CSV Writer Node hen egg problem

Hello together,

I have a problem with the CVS Writer Node. I created a workflow that reads text files and processes them according to certain criteria. From these text files I would like to write certain areas in separate CSV files. Filtering works, the variable writing of the CSV works and the whole in several loops. So far as so well. My problem is that the CVS Writer Node don’t care about the number or position of the columns. In the forum, I have already found solutions to help with the Column Appender Node if you have an existing CSV file. And that is exactly my hen egg problem.
The names of the CSV files to be written are not known during the first run of the workflow and new CSV files can arise during a cyclical procedure (e.g. Via batch mode). The whole thing is of course variable, which means that, for example, 20CSV files can arise from a read-in text file, from the next none or perhaps only one. What must my workflow look like at this point, that the first empty CSV file is written with the correct name, then this empty CSV file must be loaded again and compared with the data in the workflow and saved again?
Attached is a screeshot from my workflow section

The CSV Write Node (Node 142) crashes when the file not exists yet.

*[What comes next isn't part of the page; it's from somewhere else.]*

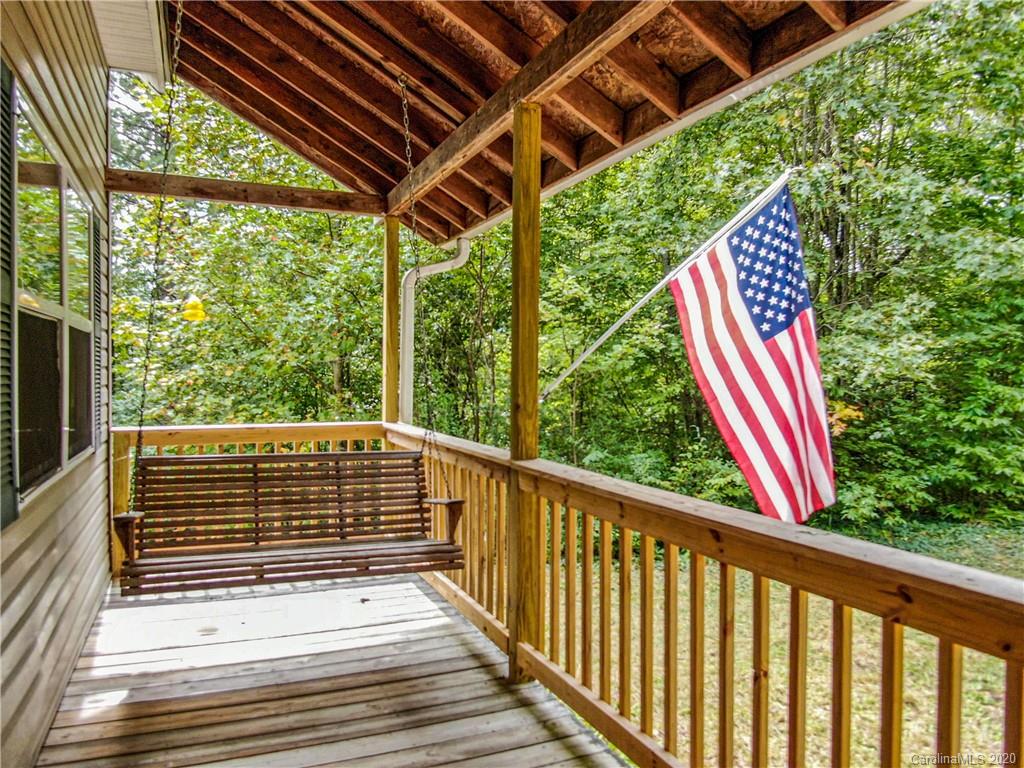 81 South Gray Fox Road Rosman, NC 28772 - Photo 6 of 33 Gallery Image 6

Has anybody an idea how to solve that problem?

Thanks, Brotfahrer

Hi @Brotfahrer,

i do not really understand your problem :thinking:
Do you maybe have an example workflow with your problem?

I cannot quite grasp what you want to say… :see_no_evil:

2 Likes

@Brotfahrer I also do not fully understand your problem. But if you have to operate with csv files you could maybe use a standard name in the first iteration and copy or rename the file to the final name. You might have to use and construct URI paths and names.

If everything else fails you could employ R to write your CSV file. It would not check if a file is there or not. Tough that might be somewhat over engineered …

2 Likes

Hello ,

thanks for your answers and links!

What I want to say is that the CSV Writer Node can’t sort the columns that have to be written in each loop. Unfortunately my data is sometimes incomplete or I have a file which has extendet data. With the option “Don’t write column headers if file exists” I get Columns in my CVS files in case of Extended data without column names. The Concatenate Node or the Column Appender Node are sorting the columns automatically and append if neccessary new columns.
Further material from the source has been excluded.